In the early nineteenth century, the hieroglyph was the subject of great puzzlement and wonder in Europe and America. Egyptian pictographs, when deciphered, would offer untold insight into a world in some measure proximal to Moses and to Christ. Hieroglyphs were powerful symbols because they offered a rich key to unlocking the historical identity of western societies (Christian societies with pockets of persecuted religious minorities). When Champollion translated them, it was significant for many reasons. For one, the act represented a mythic connection between the present and the past. The fact that the "natural sciences" had made possible an achievement of such stunning intellectual difficulty seemed to testify to the blessed superiority of western civilization, even as it pointed back toward its origin in the "Logos", or the gift of language/knowledge by God to western man (above and beyond the animals or even, it was thought, other cultures). It was an achievement that inspired people to say "look how far we've come" in a very grand sense. It was also significant because the mode of the decipherment of the hieroglyphs required multiple methods of interpretation, a multiplicity which would enrich the epistemological perspicuity of the Romantics. Hieroglyphs were of three kinds. They were phonetic, symbolic, and figurative. In other words, they either functioned in the manner of modern English syllables and letters, or they were pictographic representations of ideas and concepts, or they were visual figurations of real objects in the world. Sometimes a single marking functioned in different ways in different contexts (Irwin, 6).

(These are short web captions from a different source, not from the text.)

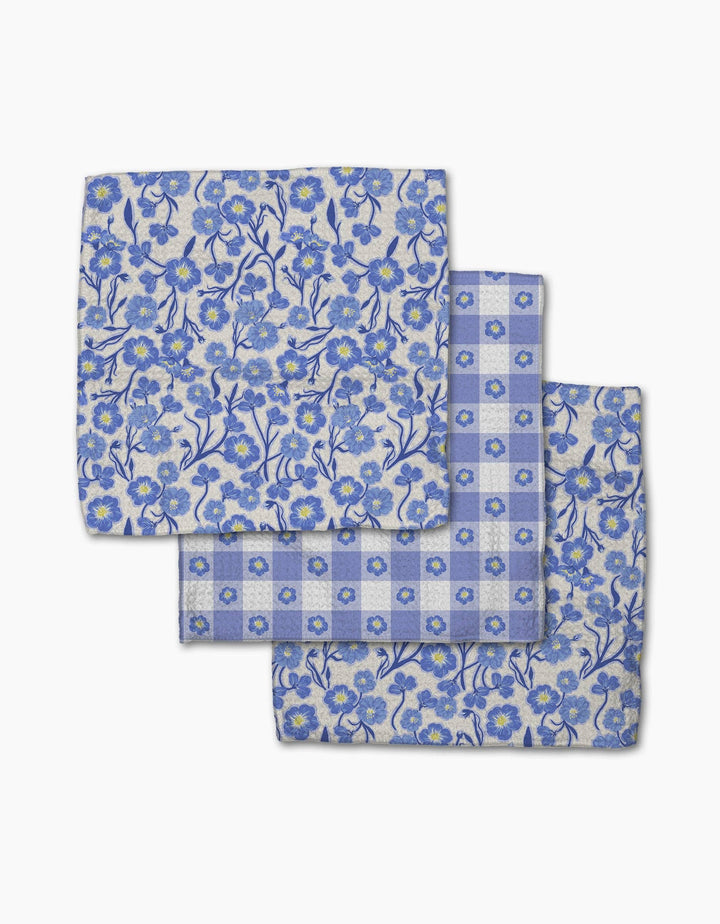 Set of three blue floral and checkered patterned cloths on a white background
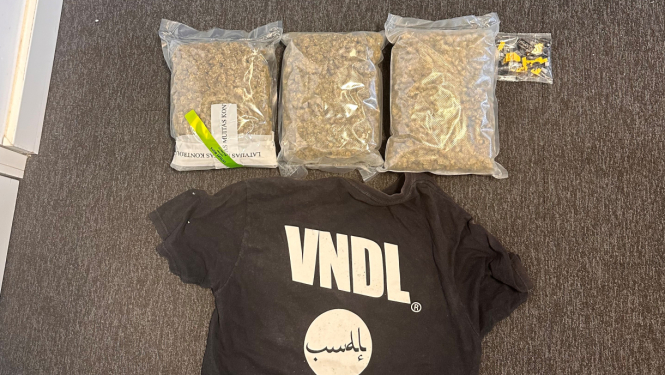 Uz grīdas trīs nelieli caurspīdīgi plēves iepakojumi ar brūnas krāsas narkotiskajām vielām 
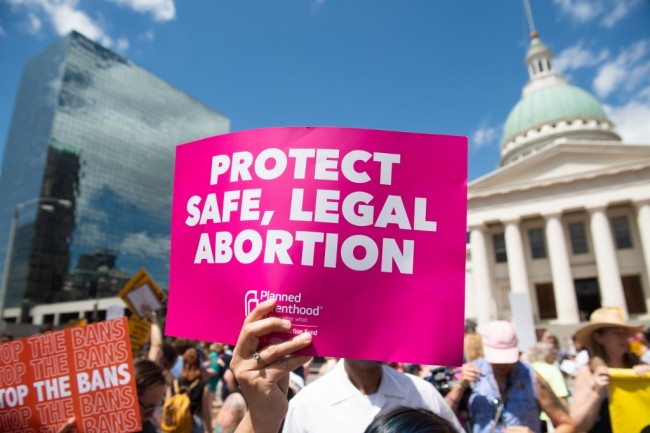 Protesters hold signs as they rally in support of Planned Parenthood and pro-choice and to protest a state decision that would effectively halt abortions by revoking the center's license to perform the procedure, near the Old Courthouse in St. Louis, Missouri, May 30, 2019. [Photo: AFP]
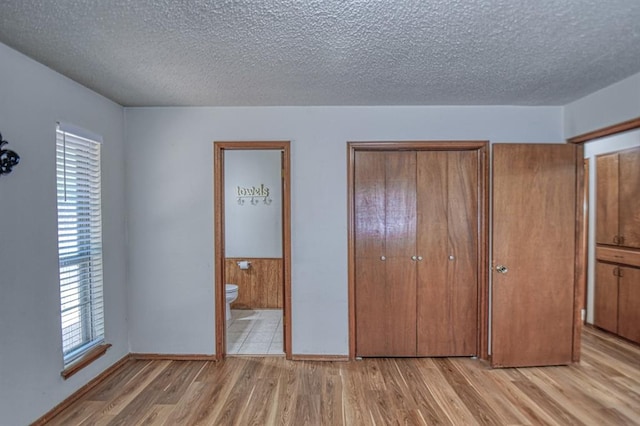 unfurnished bedroom with ensuite bathroom, light hardwood / wood-style floors, and a textured ceiling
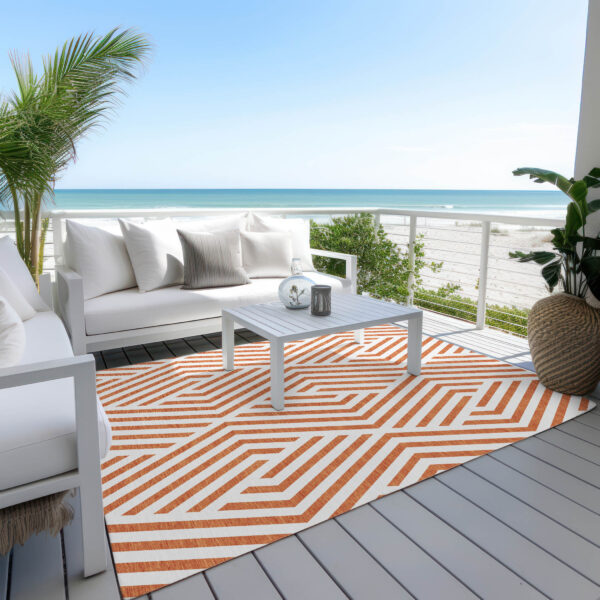 9' X 12' Orange and White Geometric Washable Non Skid Indoor Outdoor Area Rug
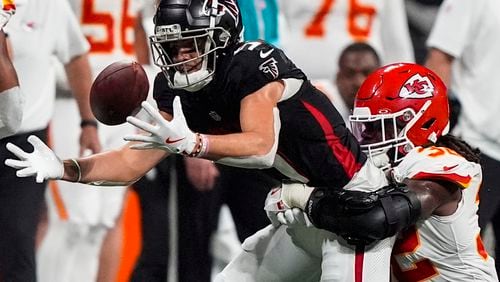 Atlanta Falcons wide receiver Drake London (5) loses the ball but recovers against Kansas City Chiefs linebacker Nick Bolton (32) during the second half of an NFL football game, Sunday, Sept. 22, 2024, in Atlanta. (AP Photo/Brynn Anderson)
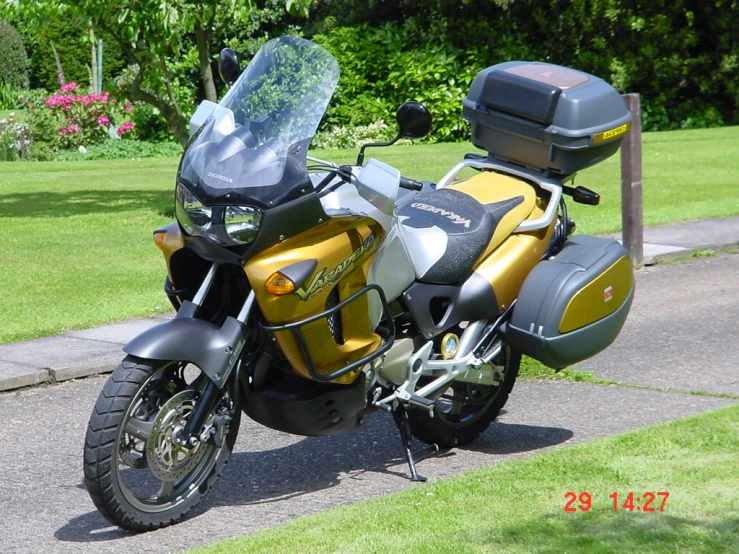 the motorcycle is parked on the sidewalk in the day time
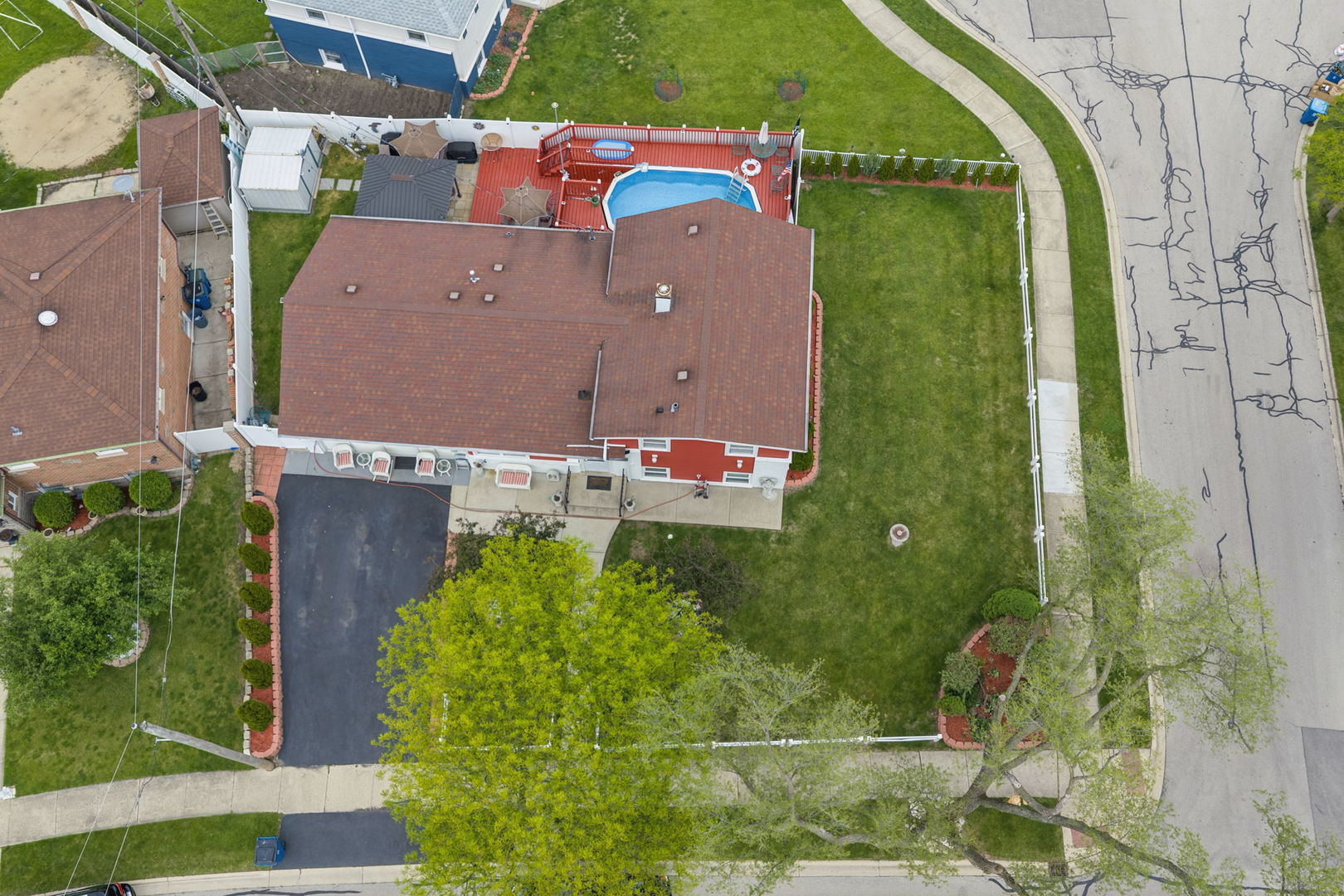115 Rose Avenue Addison, IL 60101 - Photo 24 of 28 an aerial view of a house with a yard and swimming pool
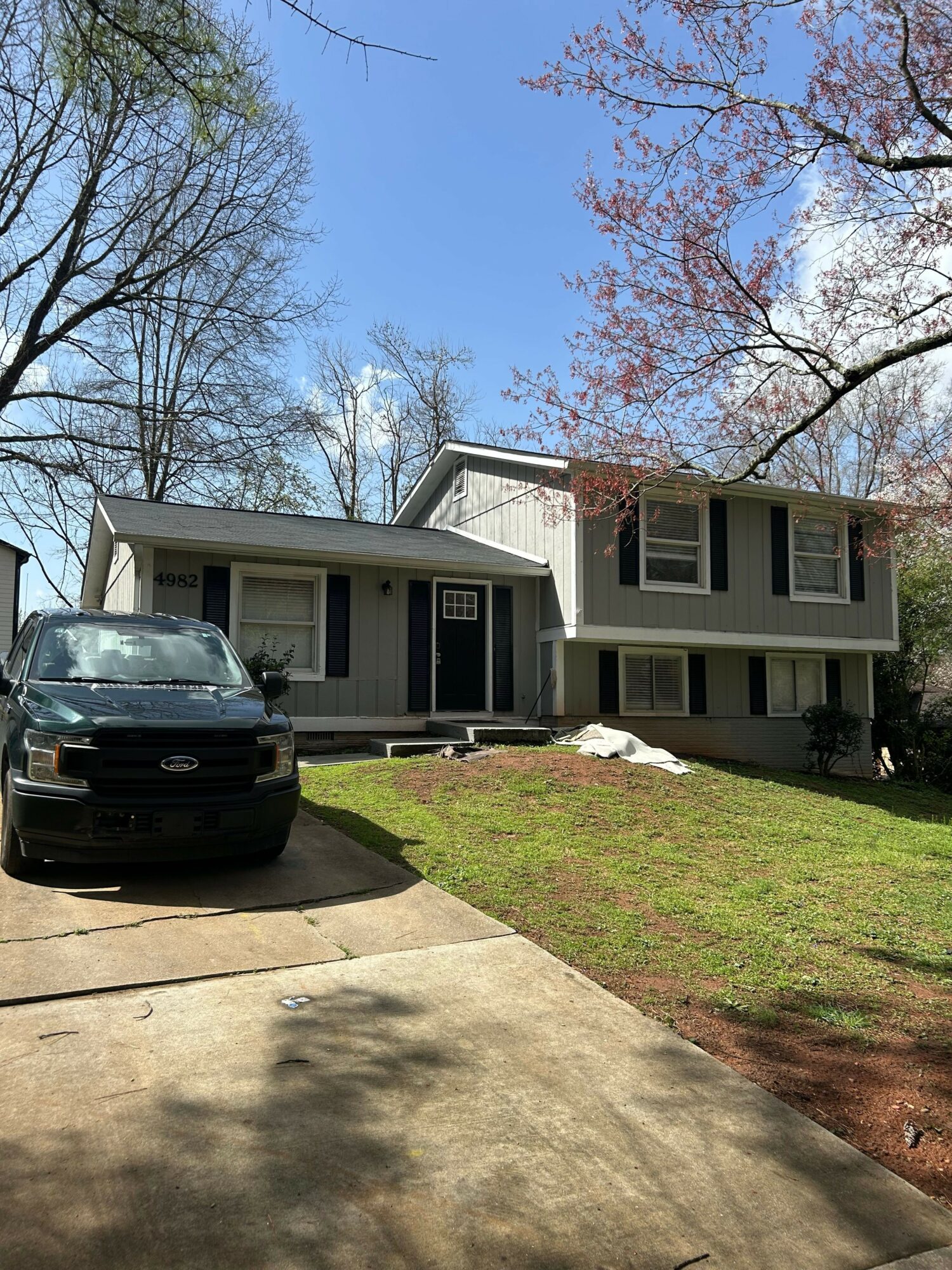 Two-story house with a porch, parked car in driveway, trees, and a sidewalk, viewed from the side.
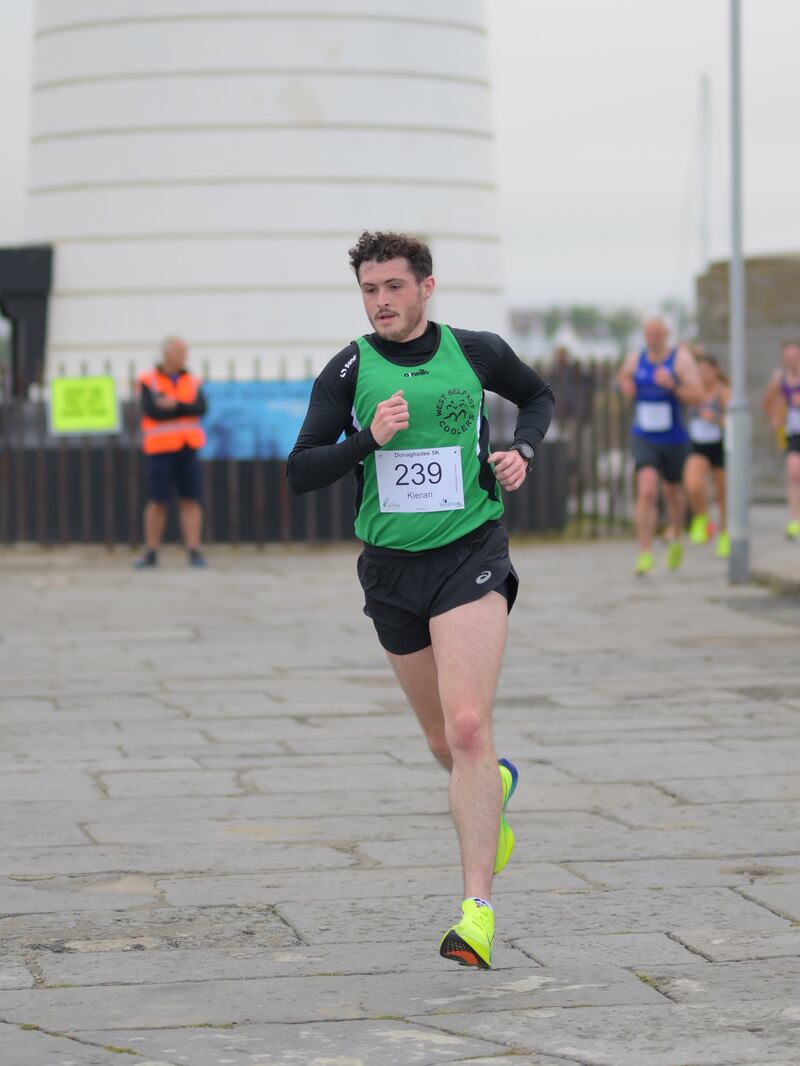 Group of runners in 5k race in front of white lighthouse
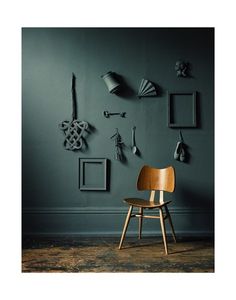 a wooden chair sitting in front of a wall with pictures on it and hanging from the ceiling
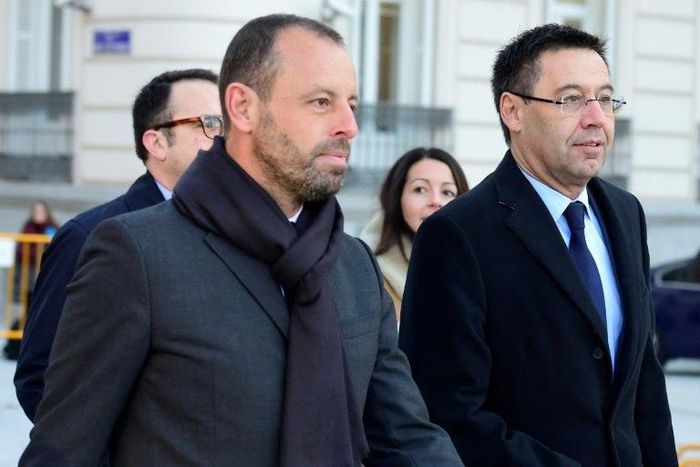 FC Barcelona's former president Sandro Rosell (L), pictured in February 2016, acted as a consultant for Qatar's bid to host the 2022 World Cup, and allegedly sent $2 million to the bank account of a FIFA official's 10-year-old daughter
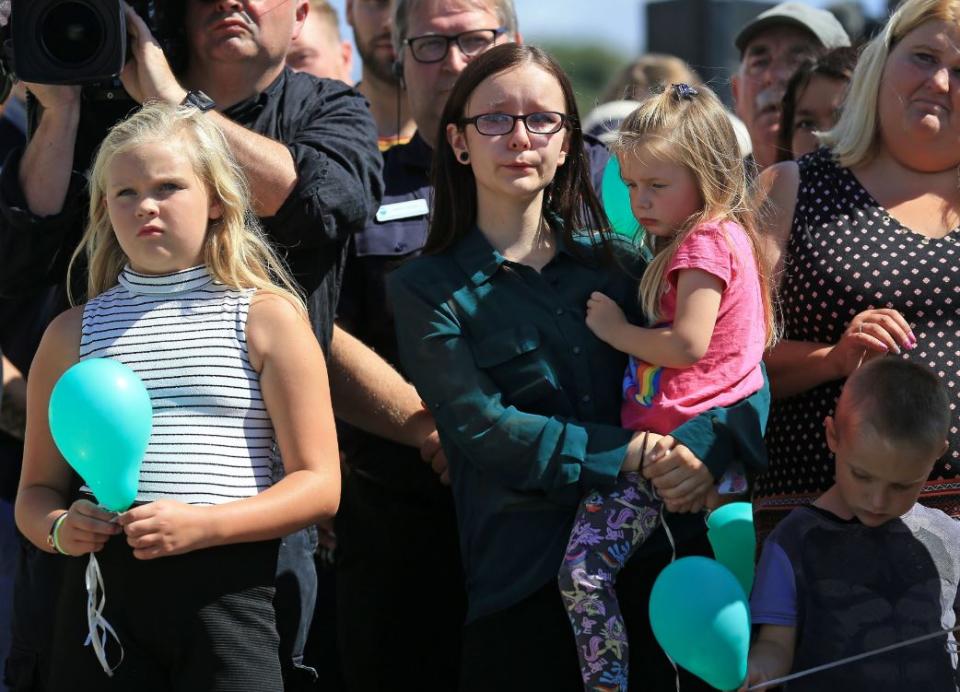 Mourners at a memorial for the 11 victims killed in the Shoreham air disaster (PA)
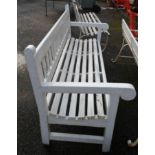A 1.83m painted wood slat back garden bench, set on square supports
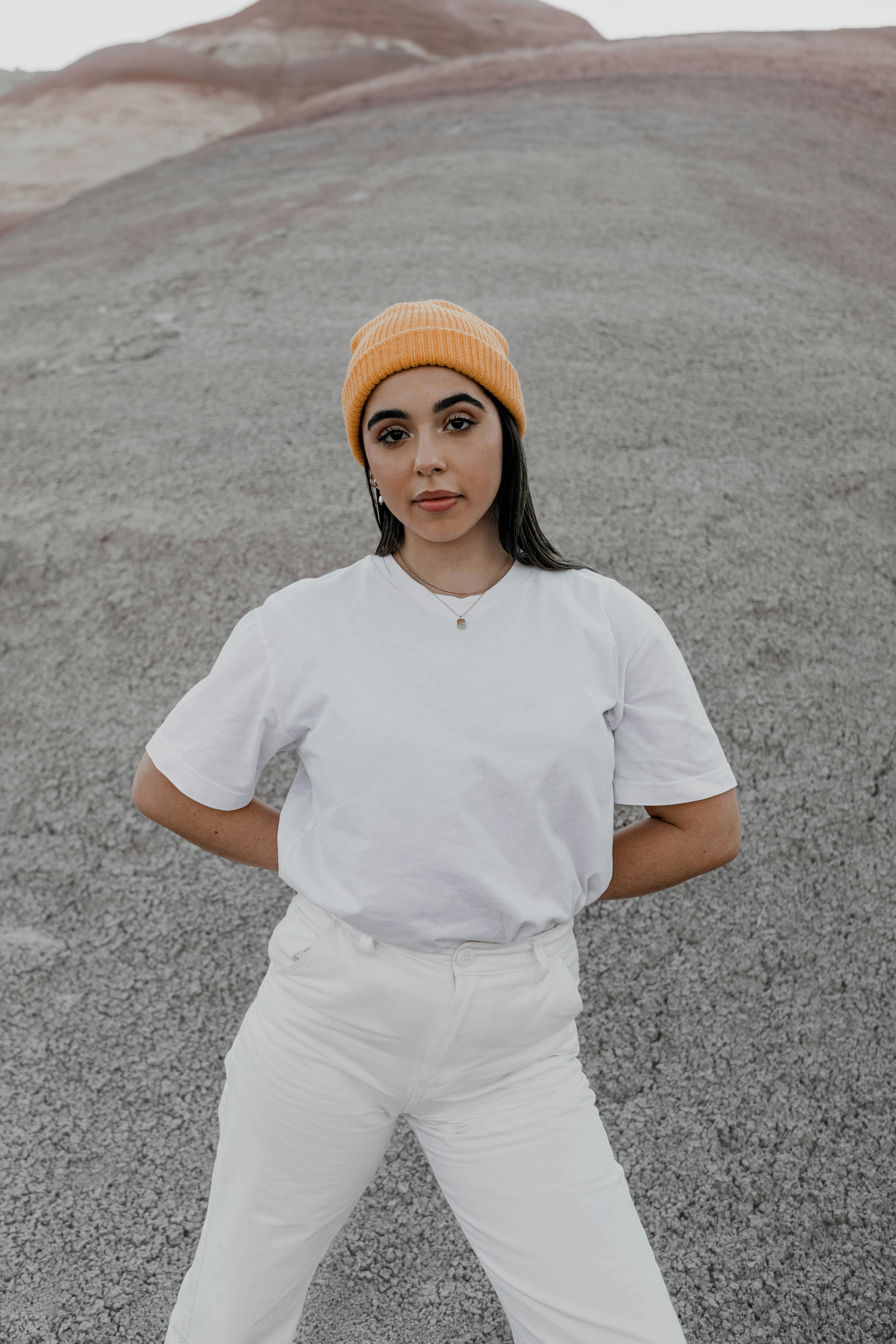 Stylish woman in white outfit and beanie posing confidently outdoors.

As a result, the hieroglyph in literature became a symbol of ambiguity and inscrutability, with specific overtones of historical inscrutability and ambiguity. Starting with Hawthorne, American writers would employ the hieroglyph over and over again when posing the questions "Who are we?", "How do we know who we are?", and "How does that knowledge express a relationship between ourselves and our (historical or mythic) origins?" These questions had a heightened urgency in a country which at the beginning of the century still held the promise of a Christian "city on a hill", and which by the end of the century would be an industrial powerhouse positioned to become one of the most politically important cultures in the world.

In American Hieroglyphics, John T. Irwin explores the history of the employment of the figure over one hundred years of American literary history. Irwin's driving concept is the notion of "hieroglyphic doubling", or the process by which American authors deploy the glyph to express binary epistemological and metaphysical relationships. Just as Christians were inclined to see in Champollion's work a reflection of their origins, the American Romantics saw in the glyph myriad reflections and identities, a number of which anticipated Pynchon's own struggle with the problem of American cultural identity. Irwin's explication of two authors in particular - Hawthorne and Poe - brings into relief a series of American Romantic themes that foreshadow Pynchon's encodings.